(PROBLEM TO WORK ON):
Your output should be the lines below from the one holding "vegetables on the" through the one holding "in gym. Young", transcribed exactly, with no pictures.

** Opening RECORDS FOR THE EXERCISE block **

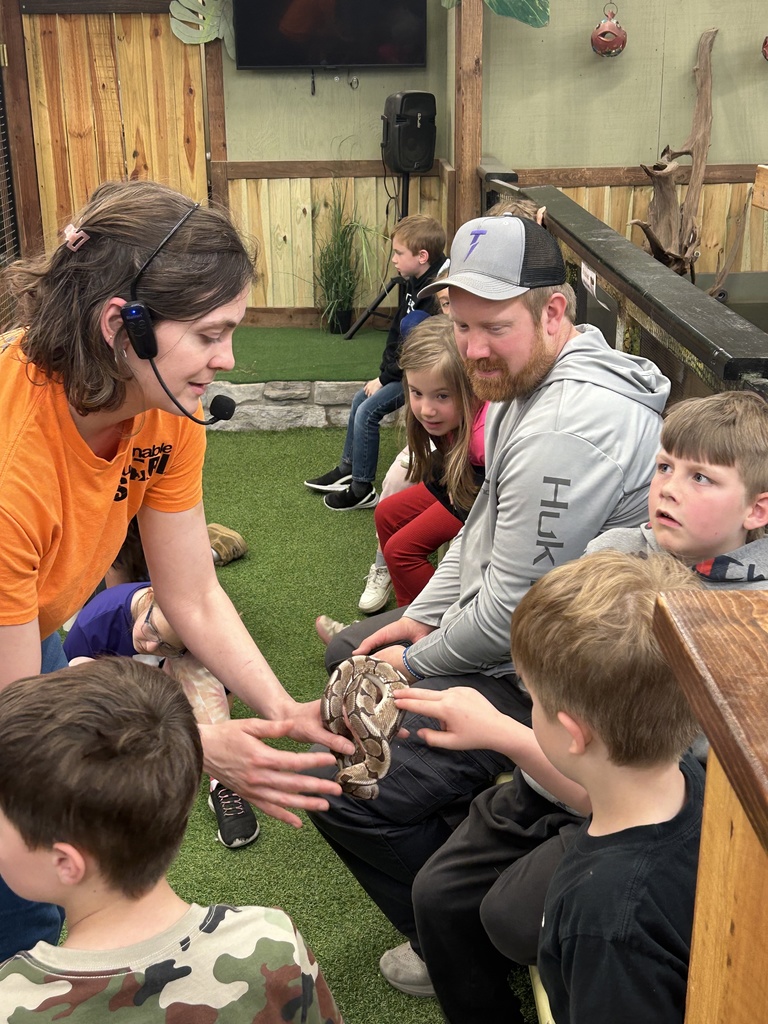students petting a snake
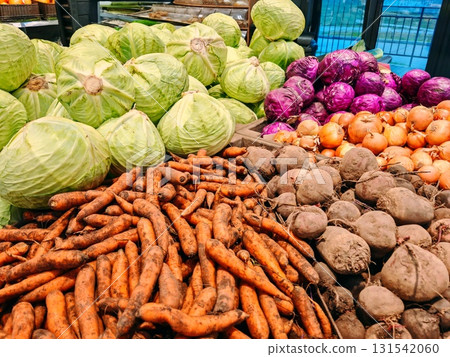 vegetables on the supermarket counter. Healthy natural food concept. carrots, cabbage, beets 131542060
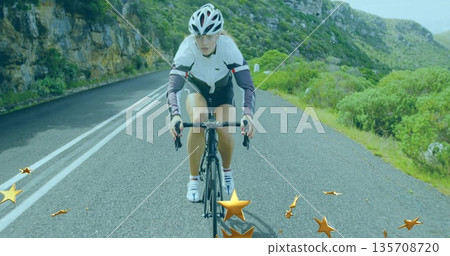 Riding woman wearing cycling jersey pedaling on winding mountain road, with helmet and bicycle Riding woman wearing cycling jersey pedaling on winding mountain road, with helmet and bicycle 135708720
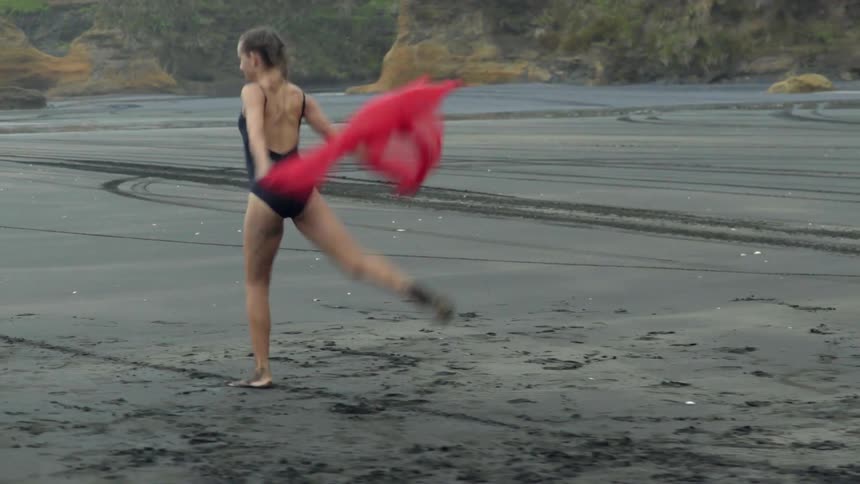 Woman wearing a swimsuit dances on a beach holding a red veil
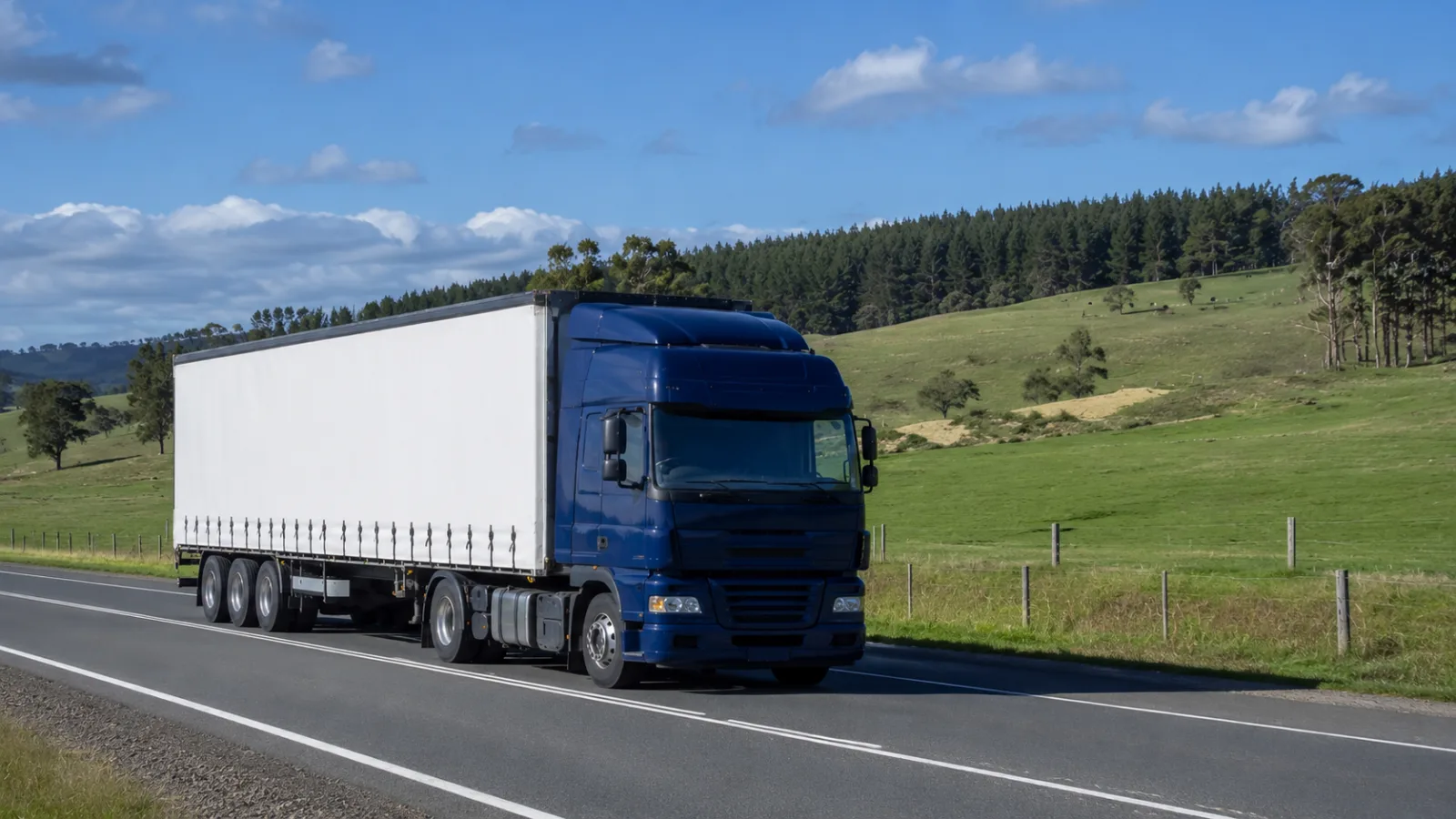 Semi-trailer on the Princes Highway through the green south-east farmland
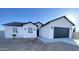 Newly constructed single-Gathering home with black garage door and desert surroundings at 2133 N Valley Dr, Apache Junction, AZ 85120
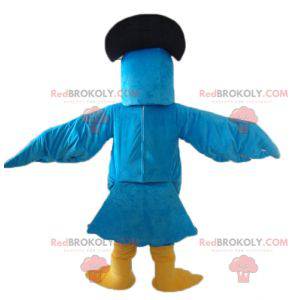 Mascote papagaio azul e amarelo com um chapéu preto -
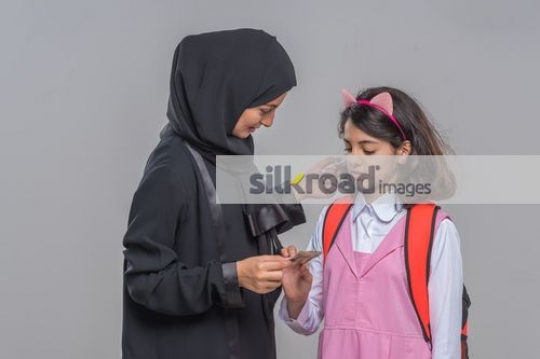 Middle Eastern woman giving the young kid money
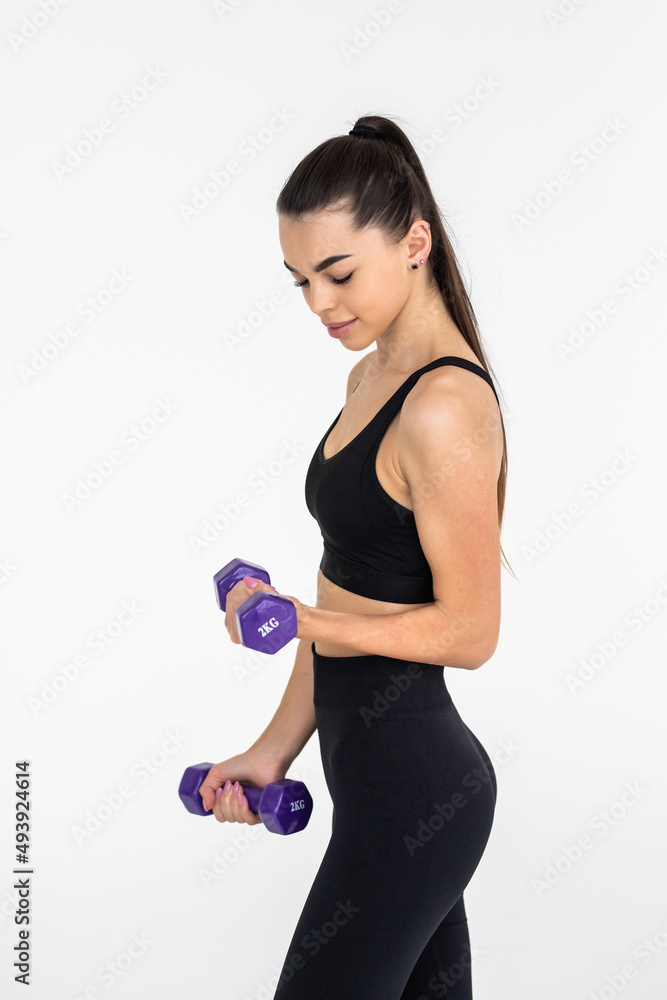 Young beautiful woman doing exercises with dumbbell in gym. Young beautiful woman doing exercises with dumbbell in gym.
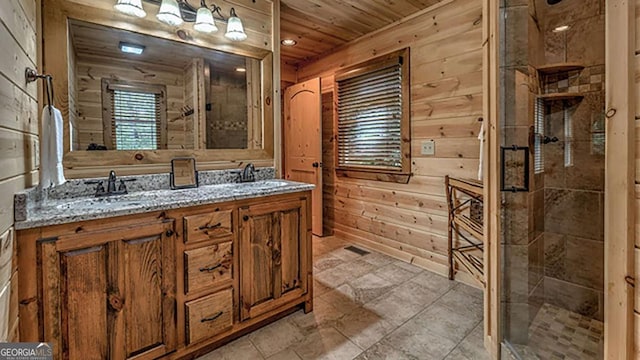 bathroom with an enclosed shower, vanity, wooden ceiling, and wood walls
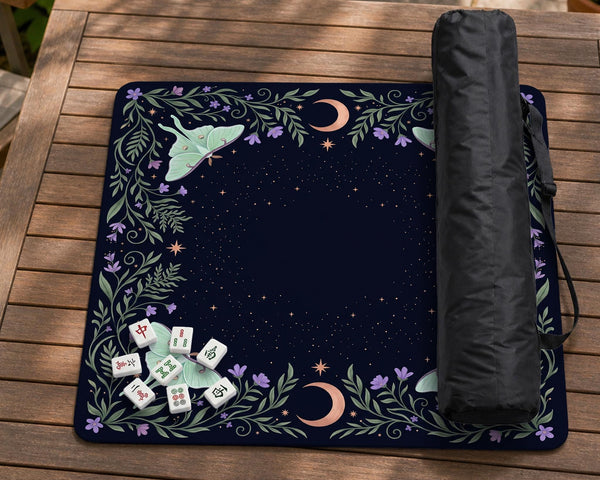 Navy square mahjong mat with a floral border, copper moons, scattered stars, pale moths, and leafy botanical details.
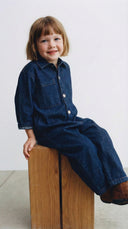 Kız ve erkek çocuk kot tulum; düğmeli, uzun kollu ve cepli tasarımıyla günlük kullanımda konfor sunar. Dayanıklı denim yapısıyla rahat hareket sağlar.&nbsp;Şimdi sipariş verin!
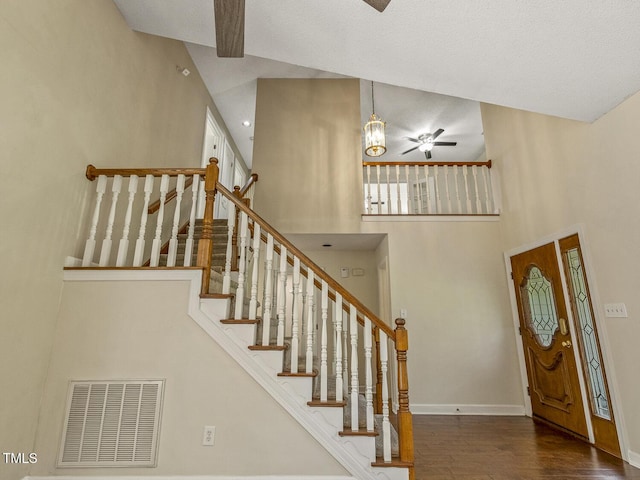 stairs with a high ceiling, hardwood / wood-style floors, and ceiling fan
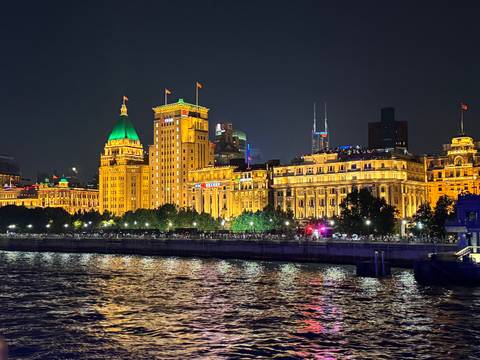       Night view of the Bund in Shanghai with illuminated buildings and reflections on the river.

** Closing RECORDS FOR THE EXERCISE block **

(WRITTEN REPLY):
 vegetables on the supermarket counter. Healthy natural food concept. carrots, cabbage, beets 131542060
 Riding woman wearing cycling jersey pedaling on winding mountain road, with helmet and bicycle Riding woman wearing cycling jersey pedaling on winding mountain road, with helmet and bicycle 135708720
 Woman wearing a swimsuit dances on a beach holding a red veil
 Semi-trailer on the Princes Highway through the green south-east farmland
 Newly constructed single-Gathering home with black garage door and desert surroundings at 2133 N Valley Dr, Apache Junction, AZ 85120
 Mascote papagaio azul e amarelo com um chapéu preto -
 Middle Eastern woman giving the young kid money
 Young beautiful woman doing exercises with dumbbell in gym. Young beautiful woman doing exercises with dumbbell in gym.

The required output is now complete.